EXERCISE DIRECTIONS — When you reach the line that contains "Archivist Happy Pink" in the data below, start reproducing lines exactly, and stop after the line that contains "Women's Split-Neck Ruffle-Sleeve".

*** Begin section ***

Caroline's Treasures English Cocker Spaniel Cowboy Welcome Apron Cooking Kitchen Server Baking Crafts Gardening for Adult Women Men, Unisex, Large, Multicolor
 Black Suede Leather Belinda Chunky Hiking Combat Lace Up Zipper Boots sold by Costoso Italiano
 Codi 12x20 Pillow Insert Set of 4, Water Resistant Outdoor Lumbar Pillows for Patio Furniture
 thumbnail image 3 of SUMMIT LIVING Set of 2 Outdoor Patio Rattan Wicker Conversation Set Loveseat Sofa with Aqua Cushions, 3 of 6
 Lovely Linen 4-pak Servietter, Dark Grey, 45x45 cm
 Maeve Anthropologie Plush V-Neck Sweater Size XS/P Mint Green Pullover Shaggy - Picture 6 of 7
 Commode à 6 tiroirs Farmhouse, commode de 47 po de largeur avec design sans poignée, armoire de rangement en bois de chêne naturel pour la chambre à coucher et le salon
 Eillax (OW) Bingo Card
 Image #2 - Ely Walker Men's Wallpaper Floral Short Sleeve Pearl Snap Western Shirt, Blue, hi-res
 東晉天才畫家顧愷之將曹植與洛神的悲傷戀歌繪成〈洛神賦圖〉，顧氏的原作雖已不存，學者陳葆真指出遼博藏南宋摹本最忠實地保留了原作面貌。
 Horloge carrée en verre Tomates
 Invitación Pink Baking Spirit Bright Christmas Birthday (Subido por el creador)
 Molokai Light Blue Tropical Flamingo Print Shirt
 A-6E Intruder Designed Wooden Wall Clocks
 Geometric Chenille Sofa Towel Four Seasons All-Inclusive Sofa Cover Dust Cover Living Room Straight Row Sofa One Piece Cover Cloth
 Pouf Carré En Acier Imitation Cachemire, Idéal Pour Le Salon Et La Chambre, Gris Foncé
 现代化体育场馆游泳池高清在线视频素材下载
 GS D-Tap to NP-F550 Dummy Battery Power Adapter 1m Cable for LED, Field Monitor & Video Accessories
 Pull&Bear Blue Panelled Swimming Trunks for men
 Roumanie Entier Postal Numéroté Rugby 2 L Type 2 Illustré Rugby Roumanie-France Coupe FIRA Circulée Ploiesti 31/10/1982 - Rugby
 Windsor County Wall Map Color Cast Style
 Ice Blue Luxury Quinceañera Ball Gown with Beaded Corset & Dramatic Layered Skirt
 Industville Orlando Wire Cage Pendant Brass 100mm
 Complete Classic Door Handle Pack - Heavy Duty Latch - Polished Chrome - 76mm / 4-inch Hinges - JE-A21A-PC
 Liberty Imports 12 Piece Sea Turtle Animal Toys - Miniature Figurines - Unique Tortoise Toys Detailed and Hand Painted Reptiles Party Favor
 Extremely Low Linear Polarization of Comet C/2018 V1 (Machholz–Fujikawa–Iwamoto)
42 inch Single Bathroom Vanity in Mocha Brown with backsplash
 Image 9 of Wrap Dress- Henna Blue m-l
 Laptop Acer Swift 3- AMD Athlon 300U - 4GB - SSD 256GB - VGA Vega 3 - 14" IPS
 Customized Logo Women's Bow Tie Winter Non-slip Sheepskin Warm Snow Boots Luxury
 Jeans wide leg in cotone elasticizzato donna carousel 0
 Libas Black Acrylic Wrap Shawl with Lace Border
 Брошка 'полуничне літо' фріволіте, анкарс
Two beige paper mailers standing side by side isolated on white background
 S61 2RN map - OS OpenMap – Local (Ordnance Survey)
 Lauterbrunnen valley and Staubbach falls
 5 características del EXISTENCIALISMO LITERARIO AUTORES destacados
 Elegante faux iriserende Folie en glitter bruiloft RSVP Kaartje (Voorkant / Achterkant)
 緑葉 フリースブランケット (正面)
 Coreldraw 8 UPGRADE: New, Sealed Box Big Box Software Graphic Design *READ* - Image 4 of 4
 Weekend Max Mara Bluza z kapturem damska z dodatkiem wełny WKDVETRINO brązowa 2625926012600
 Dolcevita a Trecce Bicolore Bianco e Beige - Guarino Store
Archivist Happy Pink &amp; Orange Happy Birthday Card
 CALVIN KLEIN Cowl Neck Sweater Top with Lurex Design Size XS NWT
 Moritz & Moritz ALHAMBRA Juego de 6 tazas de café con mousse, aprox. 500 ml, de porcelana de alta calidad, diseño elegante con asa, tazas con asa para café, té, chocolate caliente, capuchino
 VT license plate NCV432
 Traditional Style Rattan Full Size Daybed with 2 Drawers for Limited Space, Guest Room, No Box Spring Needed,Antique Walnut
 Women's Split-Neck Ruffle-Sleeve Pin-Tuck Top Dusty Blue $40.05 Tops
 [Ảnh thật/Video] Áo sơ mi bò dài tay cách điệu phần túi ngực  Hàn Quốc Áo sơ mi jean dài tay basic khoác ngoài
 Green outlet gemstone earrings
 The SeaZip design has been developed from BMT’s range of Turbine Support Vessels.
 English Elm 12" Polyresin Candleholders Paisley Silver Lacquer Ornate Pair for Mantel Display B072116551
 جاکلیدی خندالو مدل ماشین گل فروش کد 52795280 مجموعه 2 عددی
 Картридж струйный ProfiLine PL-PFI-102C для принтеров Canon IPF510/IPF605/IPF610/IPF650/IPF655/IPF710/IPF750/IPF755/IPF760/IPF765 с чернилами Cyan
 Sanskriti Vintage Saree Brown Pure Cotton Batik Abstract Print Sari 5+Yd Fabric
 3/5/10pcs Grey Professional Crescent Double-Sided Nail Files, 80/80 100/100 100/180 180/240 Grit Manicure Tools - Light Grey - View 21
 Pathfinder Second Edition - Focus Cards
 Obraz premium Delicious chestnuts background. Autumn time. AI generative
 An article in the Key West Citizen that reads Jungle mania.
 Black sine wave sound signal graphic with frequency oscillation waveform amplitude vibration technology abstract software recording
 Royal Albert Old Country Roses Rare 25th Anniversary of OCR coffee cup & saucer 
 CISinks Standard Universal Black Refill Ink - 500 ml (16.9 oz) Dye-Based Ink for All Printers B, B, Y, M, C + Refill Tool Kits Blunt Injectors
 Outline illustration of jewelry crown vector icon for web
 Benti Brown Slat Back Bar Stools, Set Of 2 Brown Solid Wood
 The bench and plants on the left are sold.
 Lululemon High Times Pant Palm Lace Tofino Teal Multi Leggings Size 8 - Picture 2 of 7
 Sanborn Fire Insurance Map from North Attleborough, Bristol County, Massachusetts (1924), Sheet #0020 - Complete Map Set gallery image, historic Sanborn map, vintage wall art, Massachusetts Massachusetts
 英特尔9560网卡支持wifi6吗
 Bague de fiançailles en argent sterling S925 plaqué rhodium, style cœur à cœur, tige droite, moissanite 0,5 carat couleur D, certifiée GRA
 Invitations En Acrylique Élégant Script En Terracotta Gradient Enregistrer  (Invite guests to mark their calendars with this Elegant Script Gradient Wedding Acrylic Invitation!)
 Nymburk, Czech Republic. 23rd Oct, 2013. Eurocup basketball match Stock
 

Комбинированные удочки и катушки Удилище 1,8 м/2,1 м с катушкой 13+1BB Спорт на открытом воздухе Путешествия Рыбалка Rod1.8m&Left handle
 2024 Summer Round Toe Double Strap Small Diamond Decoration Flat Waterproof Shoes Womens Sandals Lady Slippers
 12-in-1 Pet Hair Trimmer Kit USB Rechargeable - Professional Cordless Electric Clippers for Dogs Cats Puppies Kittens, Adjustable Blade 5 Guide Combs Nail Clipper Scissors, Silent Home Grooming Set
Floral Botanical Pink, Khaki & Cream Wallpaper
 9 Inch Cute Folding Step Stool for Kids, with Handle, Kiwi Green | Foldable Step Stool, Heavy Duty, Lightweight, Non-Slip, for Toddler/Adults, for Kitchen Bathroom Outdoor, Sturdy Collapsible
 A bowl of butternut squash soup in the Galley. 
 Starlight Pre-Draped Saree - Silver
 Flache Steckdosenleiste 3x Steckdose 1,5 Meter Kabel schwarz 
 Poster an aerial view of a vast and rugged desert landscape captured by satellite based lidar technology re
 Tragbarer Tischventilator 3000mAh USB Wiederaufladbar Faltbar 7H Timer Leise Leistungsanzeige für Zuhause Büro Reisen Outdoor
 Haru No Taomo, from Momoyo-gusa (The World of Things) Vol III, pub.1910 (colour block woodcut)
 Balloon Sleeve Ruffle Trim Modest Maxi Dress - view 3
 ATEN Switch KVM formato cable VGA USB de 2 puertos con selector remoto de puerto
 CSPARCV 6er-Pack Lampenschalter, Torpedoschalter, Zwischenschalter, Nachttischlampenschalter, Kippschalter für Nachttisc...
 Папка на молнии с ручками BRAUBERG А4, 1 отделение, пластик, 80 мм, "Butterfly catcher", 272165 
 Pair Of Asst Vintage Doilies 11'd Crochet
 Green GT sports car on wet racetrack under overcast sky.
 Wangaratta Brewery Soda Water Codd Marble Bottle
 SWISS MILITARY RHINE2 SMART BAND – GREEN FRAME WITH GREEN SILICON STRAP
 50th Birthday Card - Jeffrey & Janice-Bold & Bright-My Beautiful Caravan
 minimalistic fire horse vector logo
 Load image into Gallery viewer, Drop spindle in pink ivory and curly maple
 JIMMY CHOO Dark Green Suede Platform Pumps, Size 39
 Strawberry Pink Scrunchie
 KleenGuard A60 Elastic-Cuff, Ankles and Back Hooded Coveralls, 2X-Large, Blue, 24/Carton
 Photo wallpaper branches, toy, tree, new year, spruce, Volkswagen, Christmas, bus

*** End section ***

TASK SOLUTION —
Archivist Happy Pink &amp; Orange Happy Birthday Card
 CALVIN KLEIN Cowl Neck Sweater Top with Lurex Design Size XS NWT
 Moritz & Moritz ALHAMBRA Juego de 6 tazas de café con mousse, aprox. 500 ml, de porcelana de alta calidad, diseño elegante con asa, tazas con asa para café, té, chocolate caliente, capuchino
 VT license plate NCV432
 Traditional Style Rattan Full Size Daybed with 2 Drawers for Limited Space, Guest Room, No Box Spring Needed,Antique Walnut
 Women's Split-Neck Ruffle-Sleeve Pin-Tuck Top Dusty Blue $40.05 Tops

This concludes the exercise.